Texto: Miguel Ángel Barba | Fotos: Web de la Compañía
Cuatro personajes incalificables se dan cita en escena dentro de esta fabulación alegórica: una chica de aires simplones, un poco límite; un señor espástico, discapacitado, con efluvios egocéntricos; un ilocalizable personaje con problemas de obesidad y de relaciones humanas; y finalmente, un artista bohemio con reminiscencias que parecen emanadas del más puro romanticismo y con brotes un tanto psicóticos, casi rozando la esquizofrenia. Todos muestran algún aspecto medio paranoico. Esperpéntico.
Cuatro figurados inmigrantes en cualquier día de su vida, agónica, llena de escasez, donde cualquier actividad normal se convierte en una peripecia. Cada situación que se presupone dramática por su situación se transmuta en comicidad. Cada ápice de su marginalidad se convierte en una carcajada que cuando sales del teatro te remueve tu conciencia por su trasfondo de calamidad social.
Hay momentos de la acción que me evocan retratos al más puro estilo Kusturica. Cada personaje defendiendo sus rutinas, sus espacios, su caos personal, sin los cuales posiblemente se encontraría perdido, dado que ya no le queda otra cosa. Apátridas de medio mundo podrían identificarse en este daguerrotipo teatralizado. Posiblemente se sentirían no solo identificados, sino también ridiculizados: victimas de todos los problemas, miserias y males, paranoias, manías y carencias, reunidas en solo cuatro personajes en busca de una vida que parece escapárseles por velocidad.

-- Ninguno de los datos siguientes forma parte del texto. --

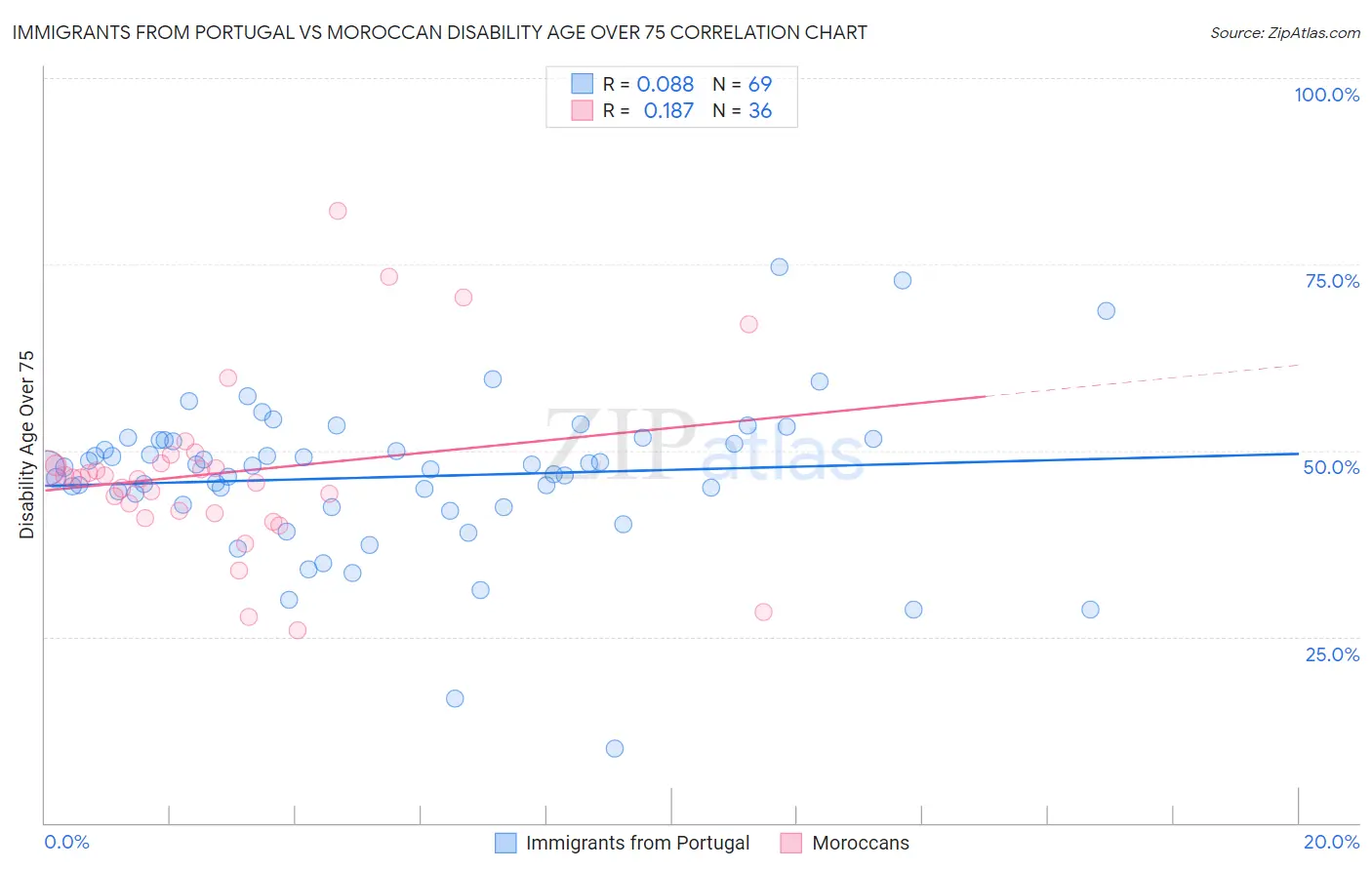 Immigrants from Portugal vs Moroccan Disability Age Over 75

Cuatro enormes actores que dan no solo vida a los personajes, los elevan de la cotidianidad hasta las alturas de lo excepcional. Cuatro actores que lo mismo cantan, dramatizan, parodian, caricaturizan, musican cualquier acción cotidiana. Me encantó la partida de cartas por bulerías, llevada solo con los objetos más a mano: las cartas, los tirantes de los pantalones, las onomatopeyas, los estornudos, etc. Genial. En resumen, convierten cualquier momento de sus azarosas, pero al mismo tiempo monótonas vidas, en una gran interpretación, en una mimesis cuasi perfecta de sus personajes y sus circunstancias. Y todo con un grandísimo trabajo: brillante, divertido y dinámico, que convierte cualquier infortunio en algo anecdótico y cualquier anécdota en algo azaroso.
El idioma inventado para esta obra por “el Chino” (apodo por el que es conocido el autor y director) es el droppiano. En ocasiones simples sonoridades guturales, es una mezcolanza de lenguas que ayudan a no identificar forzosamente con una zona geográfica concreta a los personajes pero que, en cada momento y en cada caso, nos evocan diferentes localizaciones, de modo que podemos circunscribirlos a multitud de ubicaciones.
La música original a su vez está plagada de reminiscencias, fundamentalmente del este, sus melodías tienen una carga emotiva y de melancolía geniales para el desarrollo de una tensión dramática, sensitiva y emocional que contraste con la vibrante locura del resto, donde no hay lugar para el descanso del público.
Es de resaltar también el buen trabajo de iluminación, que nos va llevando de espacio en espacio por todo el decorado, y nos ubica en cada una de las habitaciones de la casa, haciendo de guía para mostrarnos la interesante construcción de la escenografía.
Pero no olvidemos una cosa fundamental: cuando se crean estados de humor y se hacen chistes a partir de las miserias, desgracias, taras y penurias de otros, debemos recordar que, al mismo tiempo que muchos se ríen, hay otras personas que pueden sentirse ofendidas o menospreciadas y, lo que es peor, ridiculizadas y humilladas.
¿Donde está la línea que separa unos sentimientos de otros y delimita lo que es correcto o no?
Delicado asunto que no quita que la obra, el equipo y el montaje sean geniales.
DROPPO.
Teatro del Velador
Autor y director: Juan Dolores González Caballero.
Reparto: Abel Mora, Manuel Solano, Rocío Borraldo y José Machado.